Yet another moment, and Bunky was enjoying an embrace that squeezed most of the wind out of his body, strong though he was, for Number 666 was apt to forget his excessive power when duty constrained him to act with promptitude.

“Now, then, show a light,” said Giles, quietly.

Two bull’s-eyes flashed out their rich beams at the word, and lit up a tableau of three, in attitudes faintly resembling those of the Laocoon, without the serpents.

“Fetch the bracelets,” said Giles.

At these words the bull’s-eyes converged, and Sniveller, bolting through the open door, vanished—he was never heard of more!

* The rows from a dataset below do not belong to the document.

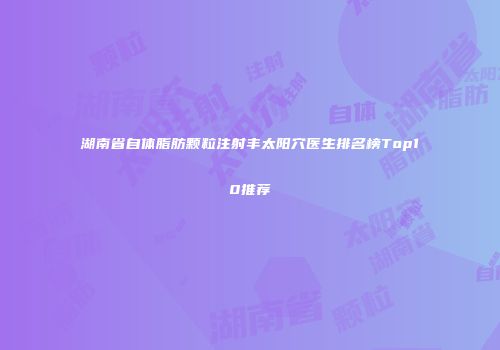 湖南省自体脂肪颗粒注射丰太阳穴医生排名榜Top10推荐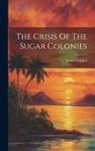 James Stephen - The Crisis Of The Sugar Colonies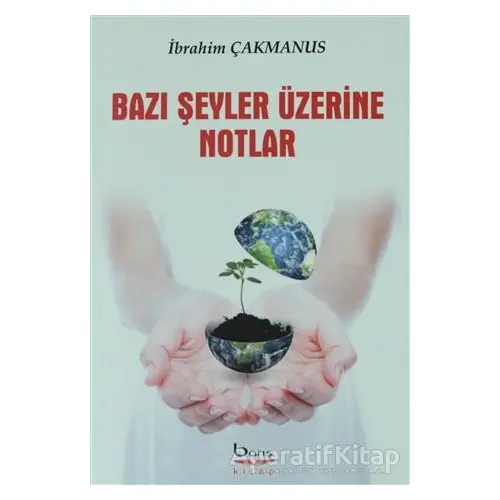 Bazı Şeyler Üzerine Notlar - İbrahim Çakmanus - Barış Kitap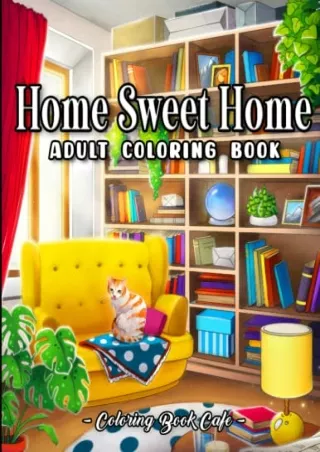 FREE READ [PDF] Home Sweet Home Coloring Book: An Adult Coloring Book Featu
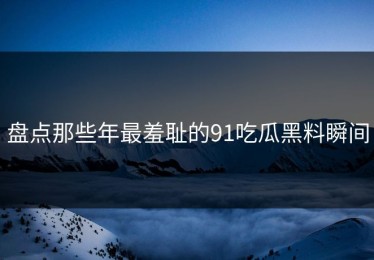 盘点那些年最羞耻的91吃瓜黑料瞬间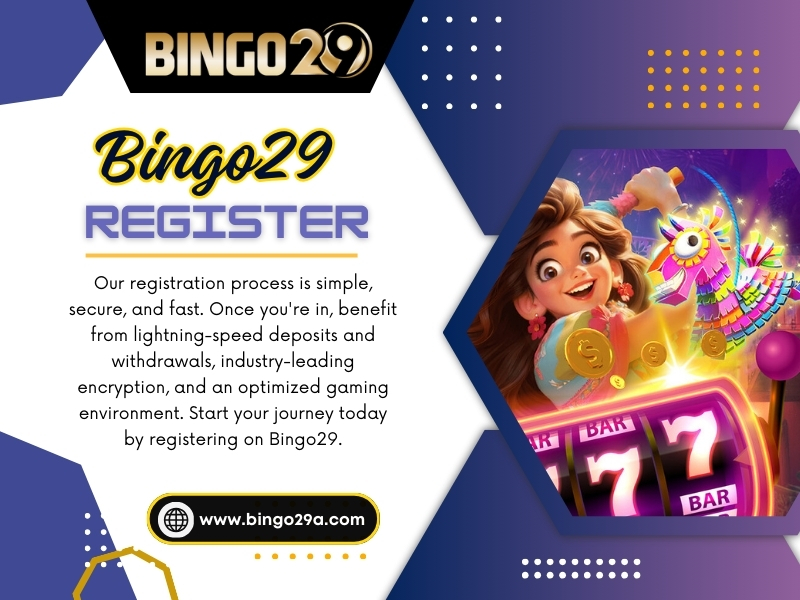 Bingo29 Register Online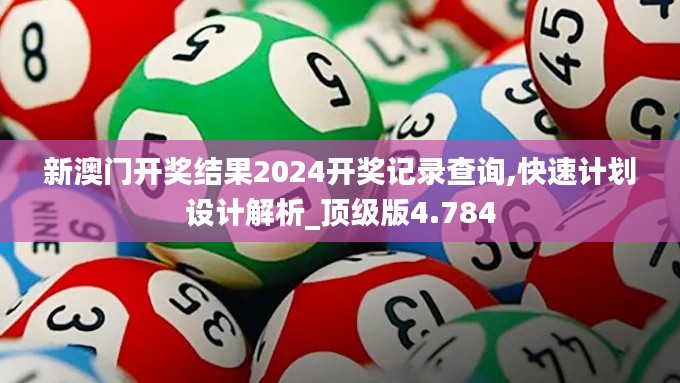 新澳门开奖结果2024开奖记录查询,快速计划设计解析_顶级版4.784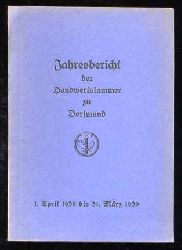   Jahresbericht der Handwerkskammer zu Dortmund 1. April 1938 bis 31. Mrz 1939. 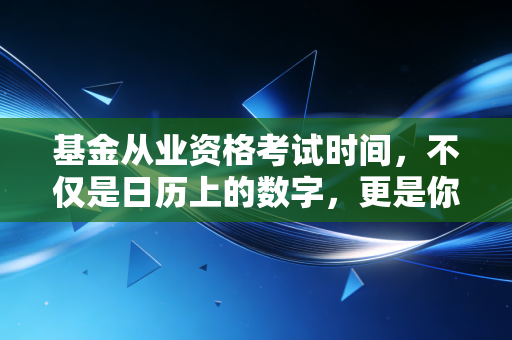 基金从业资格考试时间，不仅是日历上的数字，更是你金融生涯的倒计时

Then followed two sharp clicks, succeeded by a sigh of relief as Number 666 relaxed his arms.

“You needn’t rouse the household unless you feel inclined, my man,” said Giles to Bunky in a low voice.

Bunky did not feel inclined. He thought it better, on the whole, to let the sleeping dogs lie, and wisely submitted to inevitable fate. He was marched off to jail, while one of the constables remained behind to see the house made safe, and acquaint Sir Richard of his deliverance from the threatened danger.

Referring to this matter on the following day in the servants’ hall, Thomas Balls filled a foaming tankard of ginger-beer—for, strange to say, he was an abstainer, though a butler—and proposed, in a highly eulogistic speech, the health and prosperity of that admirable body of men, the Metropolitan Police, with which toast he begged to couple the name of Number 666!